## Task brief
Copy exactly and only the lines running from the one that contains "Simon & Schuster Ltd The Madman's Orchestra" to the final line of the data below, without the pictures.

Data extracted from a collection:
--- START ---
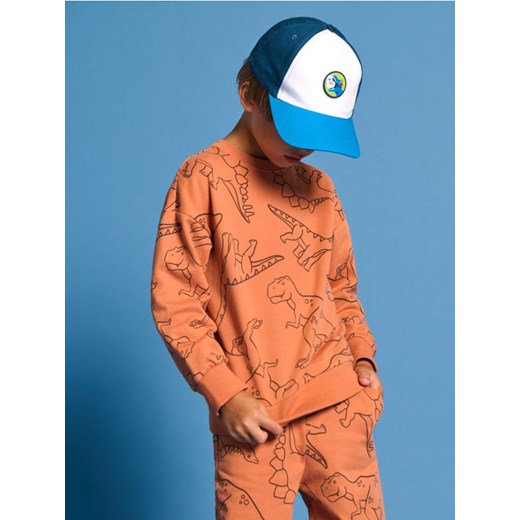 Sinsay - Bluza - pomarańczowy ze sklepu Sinsay w kategorii Bluzy chłopięce - zdjęcie 178269005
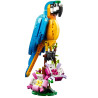 31136 KLOCKI LEGO CREATOR 3w1 EGZOTYCZNA PAPUGA 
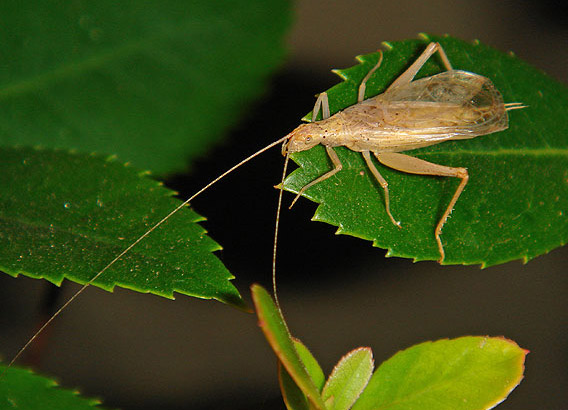 image of Oecanthus californicus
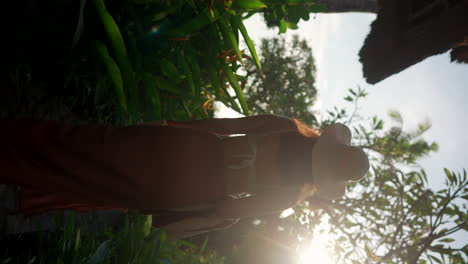 woman walking on a tropical path at sunset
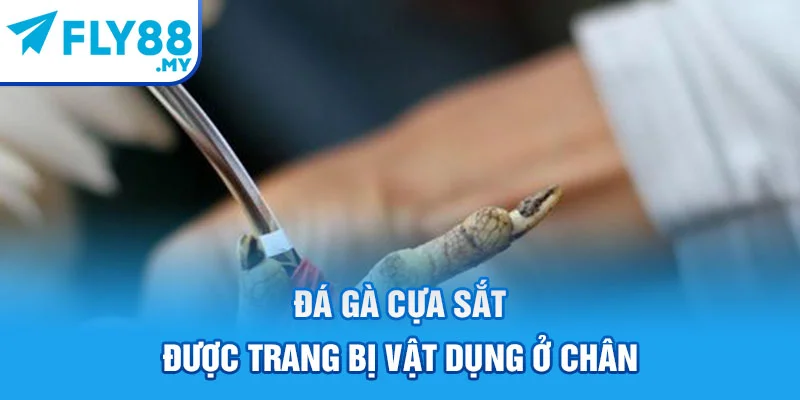 Đá gà cựa sắt được trang bị vật dụng ở chân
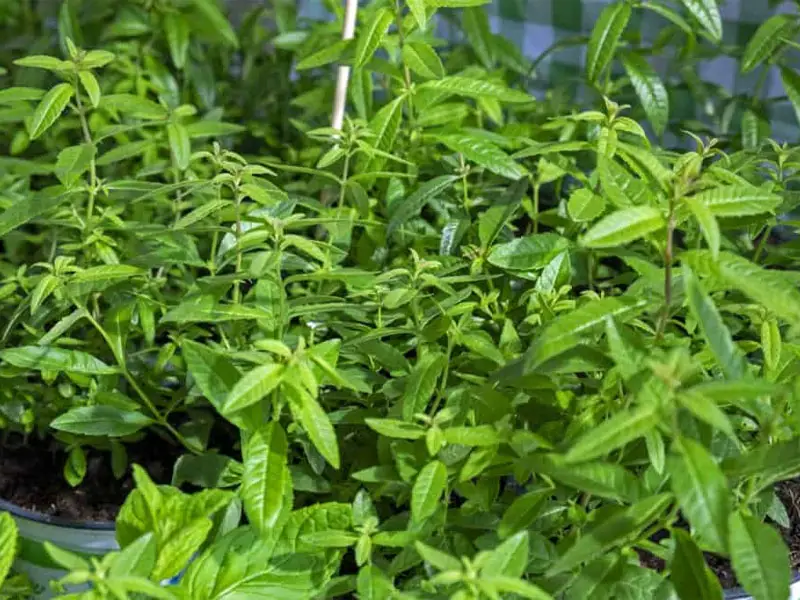 Growing lemon verbena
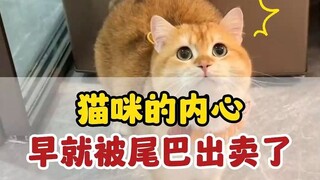 A cat's tail betrays its mood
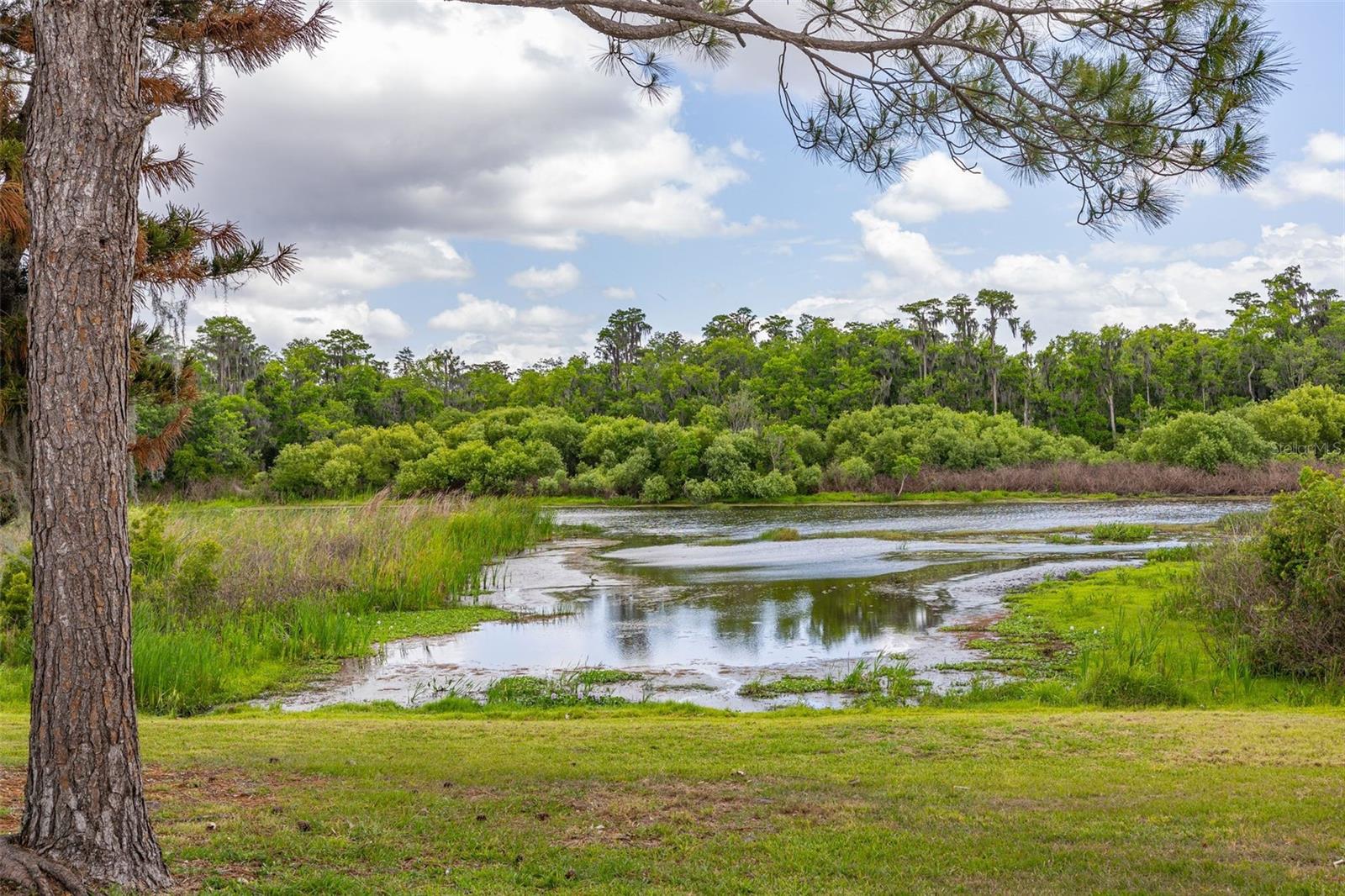 5208 DEER CREEK DR, ORLANDO, FL, 32821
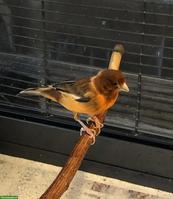 Männlicher Kanarienvogel sucht Anschluss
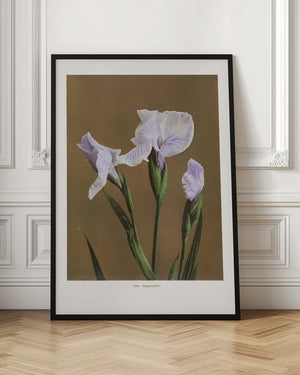Tablou înramat „Iris Kæmpferi no2” de Ogawa Kazumasa
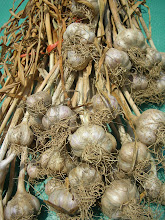 Chesnook Red Garlic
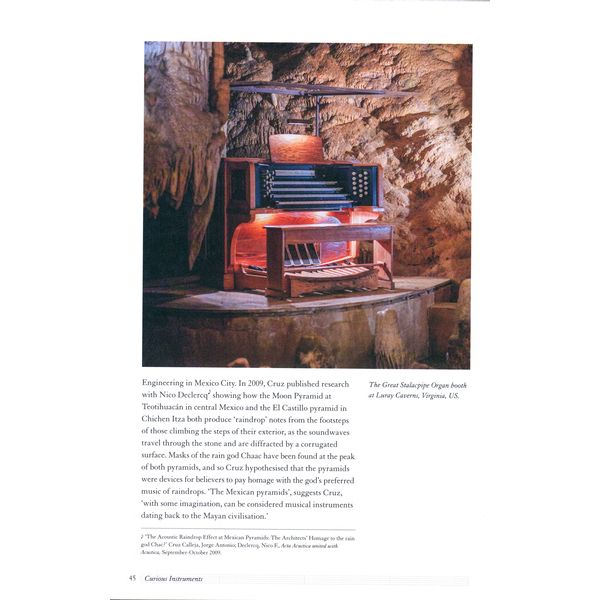 Simon & Schuster Ltd The Madman's Orchestra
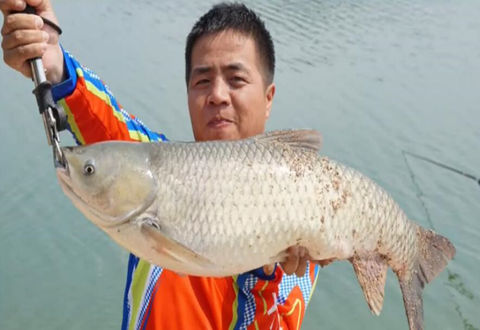 Fishing全攻略20171030期 开沃如龙似虎钓竿 [视频]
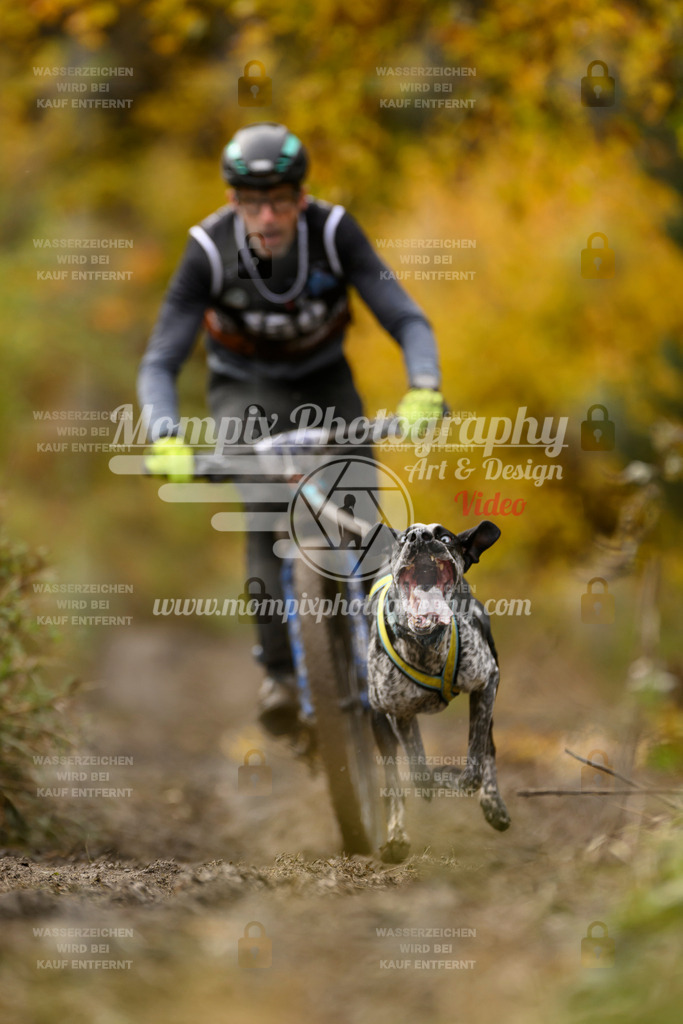 MompixPhotography_ICF_WC_2024_SA_Bike_-162 | PayLife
--- END ---
## Your response
 Simon & Schuster Ltd The Madman's Orchestra
 Fishing全攻略20171030期 开沃如龙似虎钓竿 [视频]
 MompixPhotography_ICF_WC_2024_SA_Bike_-162 | PayLife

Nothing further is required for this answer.